Task objective:
Reproduce word for word the lines between those holding "喜出望外的年轻人穿着黑色衬衫拿着绿色钥匙片海报灰色背景视频的预览图" and "Young person climbing", inclusive, and nothing else from the data below.

Dataset excerpts:
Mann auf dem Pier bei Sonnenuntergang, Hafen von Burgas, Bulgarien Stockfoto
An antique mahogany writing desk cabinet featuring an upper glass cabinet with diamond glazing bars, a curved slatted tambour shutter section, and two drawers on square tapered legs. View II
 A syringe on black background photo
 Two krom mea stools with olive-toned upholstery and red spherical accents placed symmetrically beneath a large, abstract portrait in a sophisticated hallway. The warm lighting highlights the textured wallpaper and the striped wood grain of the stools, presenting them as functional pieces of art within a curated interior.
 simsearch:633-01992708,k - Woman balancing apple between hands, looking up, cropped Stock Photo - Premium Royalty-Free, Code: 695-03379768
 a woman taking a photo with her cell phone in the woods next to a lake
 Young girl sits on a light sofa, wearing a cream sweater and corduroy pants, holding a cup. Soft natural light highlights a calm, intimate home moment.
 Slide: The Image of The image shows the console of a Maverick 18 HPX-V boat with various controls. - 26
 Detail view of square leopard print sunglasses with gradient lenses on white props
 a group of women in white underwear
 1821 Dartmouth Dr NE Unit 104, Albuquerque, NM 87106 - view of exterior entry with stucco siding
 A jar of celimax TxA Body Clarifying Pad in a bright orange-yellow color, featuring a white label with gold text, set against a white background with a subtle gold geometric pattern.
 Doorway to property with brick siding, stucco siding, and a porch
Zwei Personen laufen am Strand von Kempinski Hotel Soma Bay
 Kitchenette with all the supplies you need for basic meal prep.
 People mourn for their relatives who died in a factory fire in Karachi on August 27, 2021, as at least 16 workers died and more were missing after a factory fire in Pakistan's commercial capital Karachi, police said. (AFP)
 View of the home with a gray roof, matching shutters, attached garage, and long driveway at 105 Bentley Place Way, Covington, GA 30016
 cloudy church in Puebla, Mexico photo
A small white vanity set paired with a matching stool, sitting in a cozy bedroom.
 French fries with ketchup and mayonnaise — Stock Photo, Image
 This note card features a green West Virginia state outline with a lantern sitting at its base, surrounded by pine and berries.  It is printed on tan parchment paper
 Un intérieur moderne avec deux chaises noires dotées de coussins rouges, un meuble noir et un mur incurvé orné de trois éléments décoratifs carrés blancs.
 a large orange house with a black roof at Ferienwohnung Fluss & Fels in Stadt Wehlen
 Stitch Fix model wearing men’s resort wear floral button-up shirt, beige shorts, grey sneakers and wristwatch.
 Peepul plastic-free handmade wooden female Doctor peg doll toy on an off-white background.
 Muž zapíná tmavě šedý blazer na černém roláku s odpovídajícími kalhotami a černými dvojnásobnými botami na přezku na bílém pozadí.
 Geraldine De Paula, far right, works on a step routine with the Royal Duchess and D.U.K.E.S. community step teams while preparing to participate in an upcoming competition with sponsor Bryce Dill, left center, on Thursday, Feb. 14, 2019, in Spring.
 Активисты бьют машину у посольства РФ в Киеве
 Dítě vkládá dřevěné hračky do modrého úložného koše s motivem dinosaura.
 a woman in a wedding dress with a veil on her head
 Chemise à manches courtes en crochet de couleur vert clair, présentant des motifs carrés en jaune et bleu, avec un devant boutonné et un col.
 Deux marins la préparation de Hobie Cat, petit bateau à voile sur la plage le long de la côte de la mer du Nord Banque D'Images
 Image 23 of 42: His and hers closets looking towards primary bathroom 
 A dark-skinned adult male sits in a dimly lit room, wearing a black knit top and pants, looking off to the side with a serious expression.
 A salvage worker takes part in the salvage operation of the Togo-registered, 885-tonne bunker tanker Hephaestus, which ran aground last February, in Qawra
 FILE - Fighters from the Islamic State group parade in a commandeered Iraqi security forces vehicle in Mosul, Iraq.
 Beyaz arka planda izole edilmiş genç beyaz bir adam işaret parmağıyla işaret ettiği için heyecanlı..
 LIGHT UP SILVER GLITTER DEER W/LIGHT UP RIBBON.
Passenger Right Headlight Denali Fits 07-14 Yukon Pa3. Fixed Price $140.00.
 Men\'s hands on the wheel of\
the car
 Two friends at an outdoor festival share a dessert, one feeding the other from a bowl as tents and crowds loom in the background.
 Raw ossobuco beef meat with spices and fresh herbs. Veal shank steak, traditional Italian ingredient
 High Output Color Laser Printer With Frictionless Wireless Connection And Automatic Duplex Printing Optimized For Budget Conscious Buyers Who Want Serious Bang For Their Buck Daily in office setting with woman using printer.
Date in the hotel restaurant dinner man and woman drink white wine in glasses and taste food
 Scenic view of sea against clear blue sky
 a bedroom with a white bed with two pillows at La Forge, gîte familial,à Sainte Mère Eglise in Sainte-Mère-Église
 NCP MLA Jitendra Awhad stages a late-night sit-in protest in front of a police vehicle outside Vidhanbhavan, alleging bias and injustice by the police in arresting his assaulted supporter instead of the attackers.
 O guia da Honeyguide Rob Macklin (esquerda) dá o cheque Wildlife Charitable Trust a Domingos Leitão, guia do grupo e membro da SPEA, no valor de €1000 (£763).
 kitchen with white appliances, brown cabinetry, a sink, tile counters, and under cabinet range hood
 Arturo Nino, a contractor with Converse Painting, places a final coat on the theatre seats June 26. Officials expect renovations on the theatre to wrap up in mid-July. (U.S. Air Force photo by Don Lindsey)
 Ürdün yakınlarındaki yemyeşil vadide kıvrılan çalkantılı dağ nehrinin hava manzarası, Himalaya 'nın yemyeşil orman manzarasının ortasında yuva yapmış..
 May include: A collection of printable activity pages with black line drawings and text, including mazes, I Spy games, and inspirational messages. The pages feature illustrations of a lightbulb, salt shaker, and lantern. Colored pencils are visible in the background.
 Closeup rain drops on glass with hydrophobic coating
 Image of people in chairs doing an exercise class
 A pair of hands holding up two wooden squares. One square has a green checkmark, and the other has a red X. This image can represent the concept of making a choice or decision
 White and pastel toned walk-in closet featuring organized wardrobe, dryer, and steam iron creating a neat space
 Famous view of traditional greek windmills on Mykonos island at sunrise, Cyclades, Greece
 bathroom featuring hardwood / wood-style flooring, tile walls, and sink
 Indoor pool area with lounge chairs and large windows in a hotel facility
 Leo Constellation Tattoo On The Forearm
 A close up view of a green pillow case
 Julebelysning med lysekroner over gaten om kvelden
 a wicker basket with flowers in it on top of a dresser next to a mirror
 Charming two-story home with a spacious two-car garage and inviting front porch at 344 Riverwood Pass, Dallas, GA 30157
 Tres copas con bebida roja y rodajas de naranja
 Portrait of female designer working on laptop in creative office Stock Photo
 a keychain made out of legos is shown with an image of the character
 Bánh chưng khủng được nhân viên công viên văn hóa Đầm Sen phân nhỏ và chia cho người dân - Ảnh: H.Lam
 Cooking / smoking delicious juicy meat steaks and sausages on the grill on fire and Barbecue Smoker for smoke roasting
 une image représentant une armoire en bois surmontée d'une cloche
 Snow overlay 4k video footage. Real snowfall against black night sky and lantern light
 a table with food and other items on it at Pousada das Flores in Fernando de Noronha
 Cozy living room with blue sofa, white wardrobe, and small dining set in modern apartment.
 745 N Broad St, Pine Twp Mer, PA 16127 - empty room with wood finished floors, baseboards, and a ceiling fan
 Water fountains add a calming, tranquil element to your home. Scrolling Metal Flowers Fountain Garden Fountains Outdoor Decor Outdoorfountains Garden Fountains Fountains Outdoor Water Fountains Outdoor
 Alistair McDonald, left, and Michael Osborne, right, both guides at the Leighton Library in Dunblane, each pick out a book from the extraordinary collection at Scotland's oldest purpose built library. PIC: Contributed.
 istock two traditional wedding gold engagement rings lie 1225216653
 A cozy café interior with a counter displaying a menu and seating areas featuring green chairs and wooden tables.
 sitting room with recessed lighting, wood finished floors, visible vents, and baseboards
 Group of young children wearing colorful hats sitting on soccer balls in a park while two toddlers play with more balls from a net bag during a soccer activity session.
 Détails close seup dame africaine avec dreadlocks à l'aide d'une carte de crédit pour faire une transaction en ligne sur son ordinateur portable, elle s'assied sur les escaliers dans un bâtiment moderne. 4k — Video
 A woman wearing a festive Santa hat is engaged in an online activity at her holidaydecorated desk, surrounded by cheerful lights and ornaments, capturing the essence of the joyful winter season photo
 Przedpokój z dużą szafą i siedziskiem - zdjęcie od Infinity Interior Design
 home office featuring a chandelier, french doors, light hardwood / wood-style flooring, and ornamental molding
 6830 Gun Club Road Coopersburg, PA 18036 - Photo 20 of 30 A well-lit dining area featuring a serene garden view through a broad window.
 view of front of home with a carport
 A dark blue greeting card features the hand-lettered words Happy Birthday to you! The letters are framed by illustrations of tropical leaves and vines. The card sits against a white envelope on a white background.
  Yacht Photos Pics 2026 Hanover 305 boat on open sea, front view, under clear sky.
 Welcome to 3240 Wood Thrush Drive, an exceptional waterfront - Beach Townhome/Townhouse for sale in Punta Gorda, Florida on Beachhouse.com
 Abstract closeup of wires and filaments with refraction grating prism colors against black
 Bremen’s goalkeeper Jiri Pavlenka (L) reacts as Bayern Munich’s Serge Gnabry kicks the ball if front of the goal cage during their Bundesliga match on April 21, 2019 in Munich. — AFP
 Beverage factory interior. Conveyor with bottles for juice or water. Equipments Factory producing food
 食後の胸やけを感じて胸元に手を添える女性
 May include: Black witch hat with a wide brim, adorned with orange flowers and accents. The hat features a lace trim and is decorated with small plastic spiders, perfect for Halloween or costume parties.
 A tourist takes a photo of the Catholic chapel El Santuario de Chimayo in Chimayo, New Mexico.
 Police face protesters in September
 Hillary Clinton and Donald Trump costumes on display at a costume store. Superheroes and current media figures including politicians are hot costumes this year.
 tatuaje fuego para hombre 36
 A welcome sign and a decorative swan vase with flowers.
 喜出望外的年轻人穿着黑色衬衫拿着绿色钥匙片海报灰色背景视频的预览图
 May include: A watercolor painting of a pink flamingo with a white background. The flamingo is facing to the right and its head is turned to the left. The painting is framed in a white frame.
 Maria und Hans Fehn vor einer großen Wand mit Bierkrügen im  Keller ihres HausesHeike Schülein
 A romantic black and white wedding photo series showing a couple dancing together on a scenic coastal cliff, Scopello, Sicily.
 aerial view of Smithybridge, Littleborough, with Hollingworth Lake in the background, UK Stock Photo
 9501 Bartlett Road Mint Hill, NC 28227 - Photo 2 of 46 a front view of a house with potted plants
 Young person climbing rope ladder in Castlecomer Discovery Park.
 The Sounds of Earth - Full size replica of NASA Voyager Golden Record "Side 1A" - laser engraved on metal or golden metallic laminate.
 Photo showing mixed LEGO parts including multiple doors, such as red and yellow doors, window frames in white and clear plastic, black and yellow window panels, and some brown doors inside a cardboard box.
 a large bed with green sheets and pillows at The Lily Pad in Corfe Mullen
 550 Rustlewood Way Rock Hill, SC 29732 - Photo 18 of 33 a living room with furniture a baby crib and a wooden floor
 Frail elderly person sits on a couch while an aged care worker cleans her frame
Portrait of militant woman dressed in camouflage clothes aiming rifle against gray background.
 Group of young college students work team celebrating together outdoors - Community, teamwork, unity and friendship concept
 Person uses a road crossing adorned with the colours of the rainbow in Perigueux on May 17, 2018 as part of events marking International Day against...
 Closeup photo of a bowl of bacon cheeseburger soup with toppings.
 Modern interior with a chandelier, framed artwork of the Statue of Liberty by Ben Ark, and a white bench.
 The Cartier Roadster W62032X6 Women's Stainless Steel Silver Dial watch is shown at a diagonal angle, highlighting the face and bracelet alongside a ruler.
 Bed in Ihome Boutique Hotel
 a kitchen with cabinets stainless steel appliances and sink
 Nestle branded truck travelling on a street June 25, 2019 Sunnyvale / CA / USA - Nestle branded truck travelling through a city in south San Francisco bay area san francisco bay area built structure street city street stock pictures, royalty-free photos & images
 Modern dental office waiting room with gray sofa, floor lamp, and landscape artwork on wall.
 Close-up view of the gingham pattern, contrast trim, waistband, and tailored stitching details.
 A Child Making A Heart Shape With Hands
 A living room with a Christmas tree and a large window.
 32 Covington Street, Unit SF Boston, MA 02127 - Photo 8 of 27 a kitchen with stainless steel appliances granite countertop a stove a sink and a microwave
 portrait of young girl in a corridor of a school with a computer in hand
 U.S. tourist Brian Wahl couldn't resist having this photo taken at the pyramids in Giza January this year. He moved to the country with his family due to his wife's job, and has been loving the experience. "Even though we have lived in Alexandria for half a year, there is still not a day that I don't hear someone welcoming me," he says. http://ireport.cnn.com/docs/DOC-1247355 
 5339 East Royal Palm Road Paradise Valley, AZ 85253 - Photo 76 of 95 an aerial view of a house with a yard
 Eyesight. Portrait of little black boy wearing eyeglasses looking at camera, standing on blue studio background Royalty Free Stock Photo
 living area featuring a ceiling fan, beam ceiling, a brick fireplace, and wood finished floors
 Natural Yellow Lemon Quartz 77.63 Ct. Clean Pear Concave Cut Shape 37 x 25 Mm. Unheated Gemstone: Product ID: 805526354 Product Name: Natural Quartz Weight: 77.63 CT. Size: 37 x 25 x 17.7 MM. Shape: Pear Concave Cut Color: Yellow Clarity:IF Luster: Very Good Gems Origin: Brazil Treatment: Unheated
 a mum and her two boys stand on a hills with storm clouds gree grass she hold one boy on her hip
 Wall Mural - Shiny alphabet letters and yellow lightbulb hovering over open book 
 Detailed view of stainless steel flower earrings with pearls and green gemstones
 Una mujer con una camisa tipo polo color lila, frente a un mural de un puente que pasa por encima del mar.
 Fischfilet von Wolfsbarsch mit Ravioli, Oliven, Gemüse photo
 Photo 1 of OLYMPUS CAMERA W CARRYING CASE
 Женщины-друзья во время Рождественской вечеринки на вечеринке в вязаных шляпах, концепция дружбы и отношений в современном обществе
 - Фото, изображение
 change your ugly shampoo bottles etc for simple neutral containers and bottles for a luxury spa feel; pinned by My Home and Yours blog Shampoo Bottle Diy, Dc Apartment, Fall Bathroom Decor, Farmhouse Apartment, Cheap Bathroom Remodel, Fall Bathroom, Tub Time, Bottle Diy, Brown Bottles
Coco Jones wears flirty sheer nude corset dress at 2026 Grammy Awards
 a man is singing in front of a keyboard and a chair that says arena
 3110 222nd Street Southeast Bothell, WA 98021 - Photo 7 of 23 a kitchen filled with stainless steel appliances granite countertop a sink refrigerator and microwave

Answer area:
 喜出望外的年轻人穿着黑色衬衫拿着绿色钥匙片海报灰色背景视频的预览图
 May include: A watercolor painting of a pink flamingo with a white background. The flamingo is facing to the right and its head is turned to the left. The painting is framed in a white frame.
 Maria und Hans Fehn vor einer großen Wand mit Bierkrügen im  Keller ihres HausesHeike Schülein
 A romantic black and white wedding photo series showing a couple dancing together on a scenic coastal cliff, Scopello, Sicily.
 aerial view of Smithybridge, Littleborough, with Hollingworth Lake in the background, UK Stock Photo
 9501 Bartlett Road Mint Hill, NC 28227 - Photo 2 of 46 a front view of a house with potted plants
 Young person climbing rope ladder in Castlecomer Discovery Park.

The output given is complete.